Scan the records below for the line containing "Картина на холсте" and the line containing "Company introduction companys". Copy both, plus every line between, exactly.

## EXTRACTED INFORMATION
════

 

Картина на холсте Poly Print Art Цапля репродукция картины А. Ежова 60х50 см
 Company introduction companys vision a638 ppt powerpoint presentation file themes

════

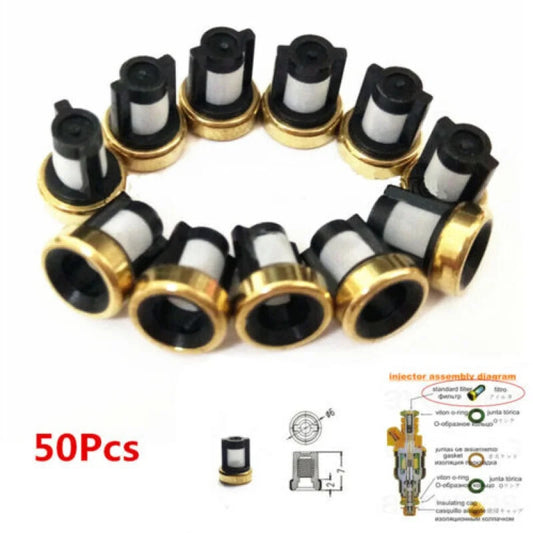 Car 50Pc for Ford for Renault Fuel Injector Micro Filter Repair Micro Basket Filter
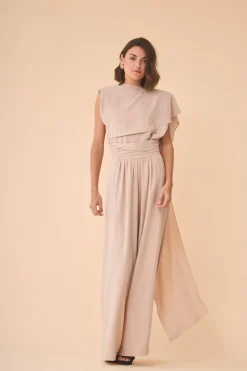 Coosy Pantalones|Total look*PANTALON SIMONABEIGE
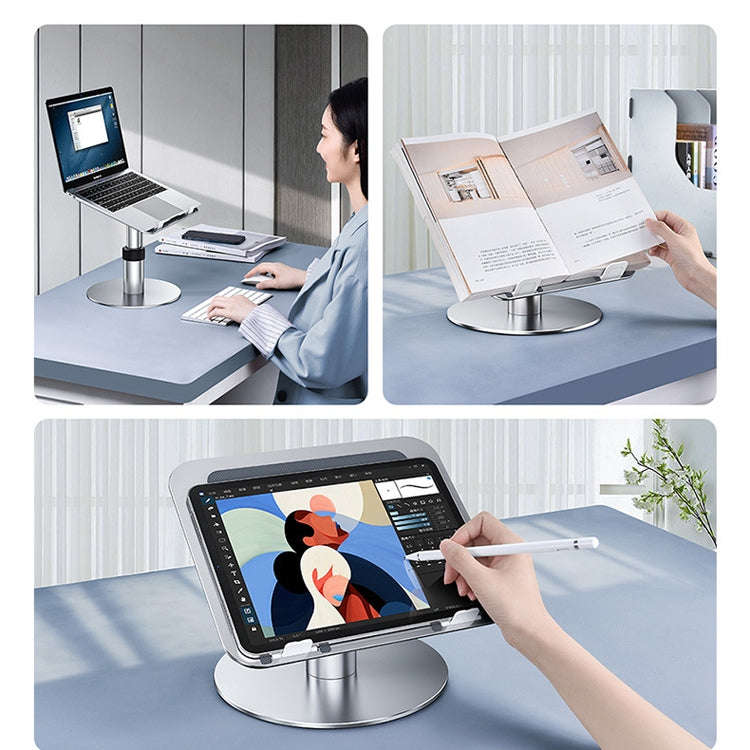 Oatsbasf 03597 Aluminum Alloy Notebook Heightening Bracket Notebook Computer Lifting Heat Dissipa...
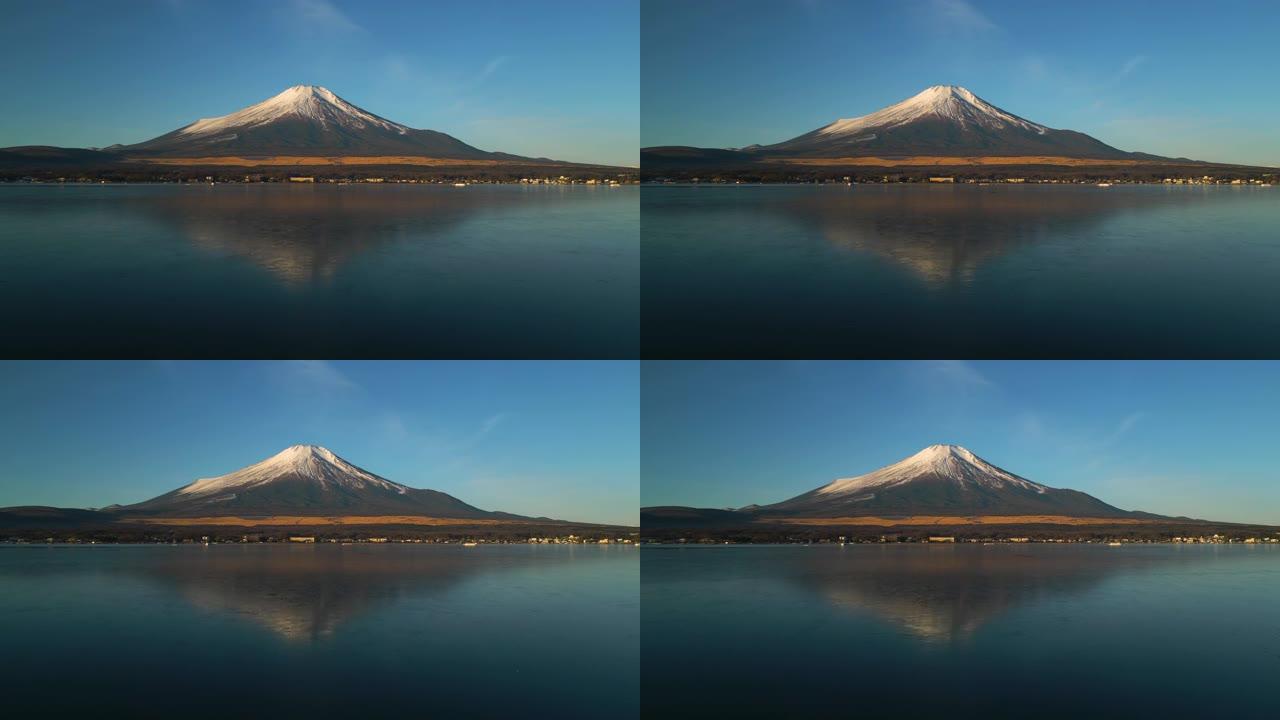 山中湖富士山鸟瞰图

════

## ANSWER TO THE PROBLEM
Картина на холсте Poly Print Art Цапля репродукция картины А. Ежова 60х50 см
 Company introduction companys vision a638 ppt powerpoint presentation file themes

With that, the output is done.